There's yet another big argument at home. Now that our lives no longer seem to be at immediate risk, these battles on the home front are becoming daily occurrences. H, C and I go into St Georges and find it swarming with journalists, camera crews and soldiers.

When we get back to Tempe, we find the junction has been totally transformed in our absence. It's no longer called Kaunda Square, supposedly because Kenya didn't come to Grenada's aid in the crisis.
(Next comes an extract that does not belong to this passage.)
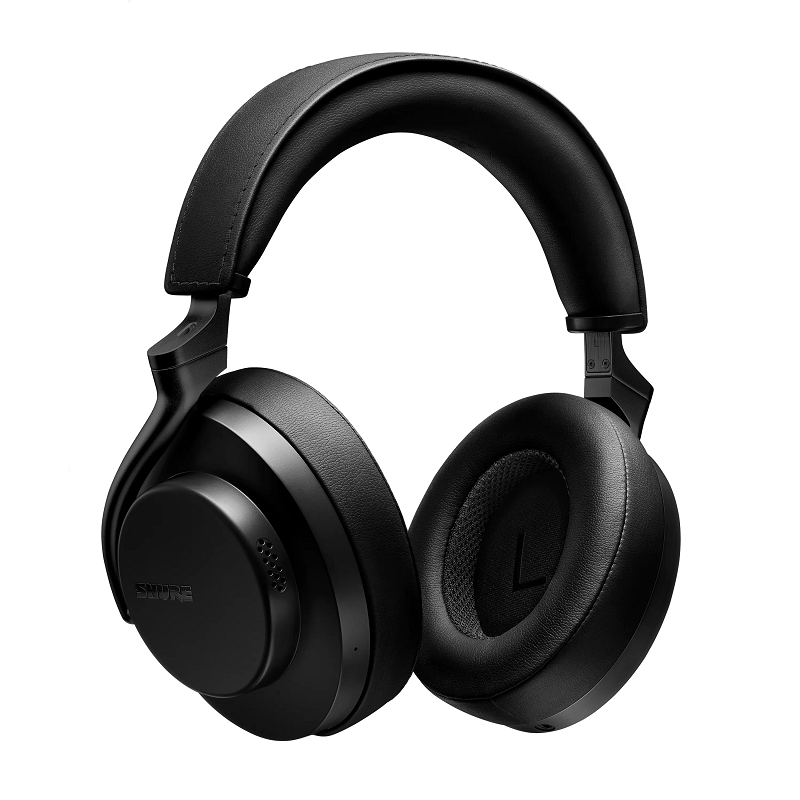 SHURE SBH50G2-BK Навушники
It's Ralphie Square now and we're told he was a local man who was imprisoned by the Revo and died in prison - supposedly of slow poison.

All the old Revo symbols and slogans have been painted over and replaced by a professionally-executed wall painting.

God bless America.
Long live the US and Caribbean heroes of freedom.

25th October, 1983.

When aligned to a doctrine, prepare for the backlash.
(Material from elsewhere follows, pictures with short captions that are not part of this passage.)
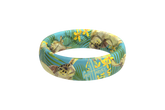 Guy Harvey Tropical Turtle Thin Ring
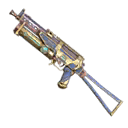 Bizon | Hextech Crystal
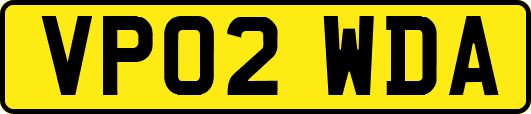 VP02WDA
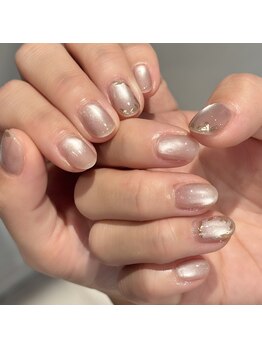 エン(enn)/控えめクリスマス♪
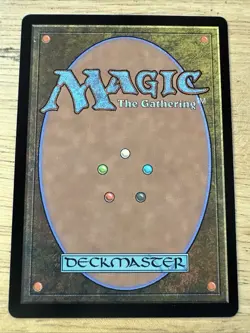 1x Patchwork Banner - Foil - Media Promos NM-Mint, English Unique & Misc Promos - Image 2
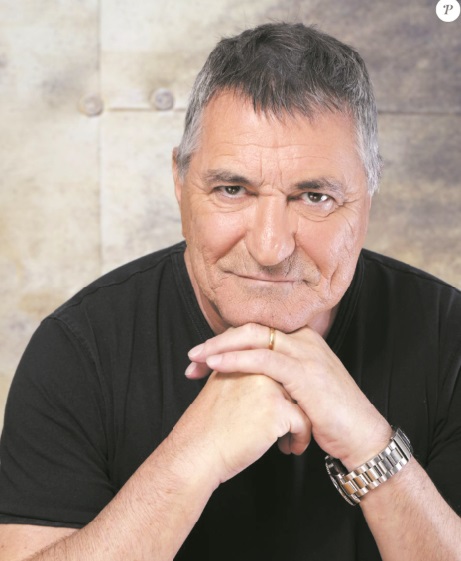 Les premiers jobs de stars : Jean-Marie Bigard Les premiers jobs de stars : Jean-Marie Bigard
We're told it was painted by local people, but it's clear that it is the work of the Americans. Part of their psyops, no doubt. But the name change to Ralphie Square shows that local people must have had input too.

This new stage in the battle for hearts and minds is proving to be acutely depressing. It feels like they're trying to erase all the good memories of the Revo and ensure it will always be equated in people's minds with repression and horror. They're beginning to dismantle the Revo billboards too in this attempt to rewrite history.
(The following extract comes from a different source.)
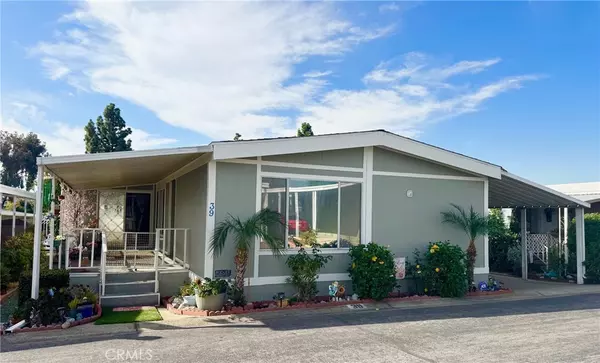 3945 Bradford #39, La Verne, CA 91750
The problem is that people are still so deeply traumatised. It makes us all highly suggestible and open to manipulation and I have fears that the blatant propaganda will be effective.

It's round about this time that we hear that one of the first acts of the invading forces was to alter the billboard sign at Pearls Airport. It used to say Welcome to Free Grenada. The Americans covered up the word 'free'. You said it, guys.

Sunday 6th November - whose truth?

According to the news, Bernard and Phyllis Coard, together with Hudson Austin and the other high profile prisoners, have been taken from the US ship where they had been held and have been handed over to the Caribbean Security Forces. They were blindfolded and handcuffed, with the men stripped to the waist and are now in individual cells at the prison.

It's impossible to summon up any sympathy for them. The overwhelming perception is that they and not the US are responsible for the death of the Revo and the situation we are now all in.

The evening news announces that hundreds of people peacefully demonstrated today in St Georges against Coard and the others. What??? Can this be true? We've heard nothing about it. No one we know was there or saw any kind of demonstration. And anyway, there's supposed to be a state of emergency prohibiting any kind of demonstrations ...

And this then marks yet another new stage. One where we're told what is happening even though we know it can't be true. The effect is confusing and disorientating, once again keeping people off balance and heightening anxiety levels. We can only assume it's a deliberate tactic. Another element of so-called 'psyops'.

It's just the beginning of our education into how propaganda works. So crude, but oh so effective.


Unknown said...

Yes, that is how it works. I can taste the disorientation from here. The hospital part sounds horrific ...

Anonymous said...

My heart and will in hiddenhomeless mode,so to speak,time to look for pastures new,but helped me through the winter cold and wet!...
xx homelesschicken

Liane Spicer said...

When I was in Grenada 5 years ago (just before hurricane Ivan hit) I noticed an unusual number of ruined, burnt-out buildings along the road from the airport to St. Georges, all along Grand Anse. I didn't realize at the time that it was a legacy of the invasion which seemed so far in the past, but that's exactly what it must have been.

Horrific is the word.

Debi said...

The way the propaganda works is really unsettling and that seems to be part of its purpose, Babs.

HC - keep that heart beating strong!

Liane - that shocks me that the buildings were still left derelict just 5 yrs ago. Nowadays anyone visiting would assume all damage they saw was down to the hurricane.